Robotics & Connected Worker delivers empowerment and productivity where workers interact with assets. Unlike other submarkets, Robotics & Connected Worker solutions integrate existing hardware like worker wearables and Unmanned Aircraft Systems (UAS) with Extended Reality (XR) and AI-based software to modernize antiquated utility workforce processes and management systems. Technology such as smart helmets and Virtual Reality goggles improve safety conditions for workers through locational tracking, real-time digital assistance, and virtual simulation for difficult and dangerous scenarios. Other use cases expedite maintenance and repair jobs, ultimately slashing utility O&M costs and boosting worker productivity. As such, a robust Robotics & Connected Worker initiative is essential for any utility’s digitization plan.
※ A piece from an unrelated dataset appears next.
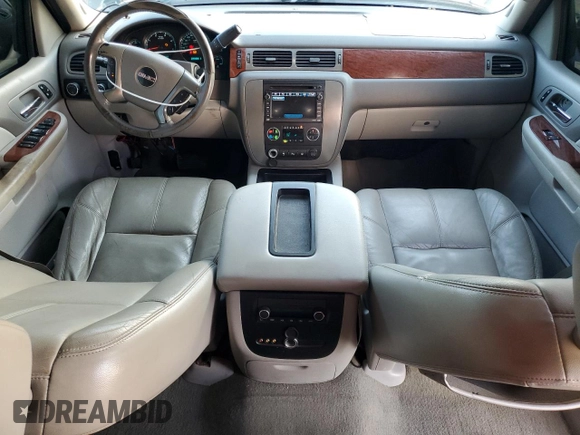2008 GMC Sierra 3500HD SRW SLT z VIN 1GTHK33618F176644, wystawiony jako Copart lot #73640434 z przebiegiem 248 244 mil mil oraz Szkody całkowita. Historia ofert i sprzedaży dostępna na DreamBid. Obrazek 8.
Deployment Spotlight - Damage Prevention for Gas Infrastructure

In this submarket, we are seeing a high proliferation of AI/ML techniques to engender connected worker technology and improve the value of robot payloads. One particularly successful application of this technology is the prediction of successful gas system maintenance projects by startup Urbint for National Grid’s New York gas infrastructure. Urbint’s proprietary algorithms not only forecast the likelihood of a valuable maintenance endeavor, but also the safety risk associated with that project. Through this solution, National Grid reduced their Damage Rates by 37% in only 4 years, indicating that this could be a valuable effort for other utilities with extensive gas infrastructure.

Optimization Technologies

As constructing new transmission assets is costly and oftentimes inefficient, utilities need alternative solutions to satisfy the accelerating demands on the grid. Optimization Technologies offer the opportunity to implement frontier software and hardware developments to retrofit the grid and maximize the investment in existing transmission and distribution infrastructure. Innovations such as Grid Enhancing Technologies (GETs), which include Dynamic Line Rating (DLR), Topology Optimization and others, along with solutions that enhance situational awareness. Rather than undertake expensive capital projects, utilities can defray high fixed costs though supplemental Optimization Technologies solutions.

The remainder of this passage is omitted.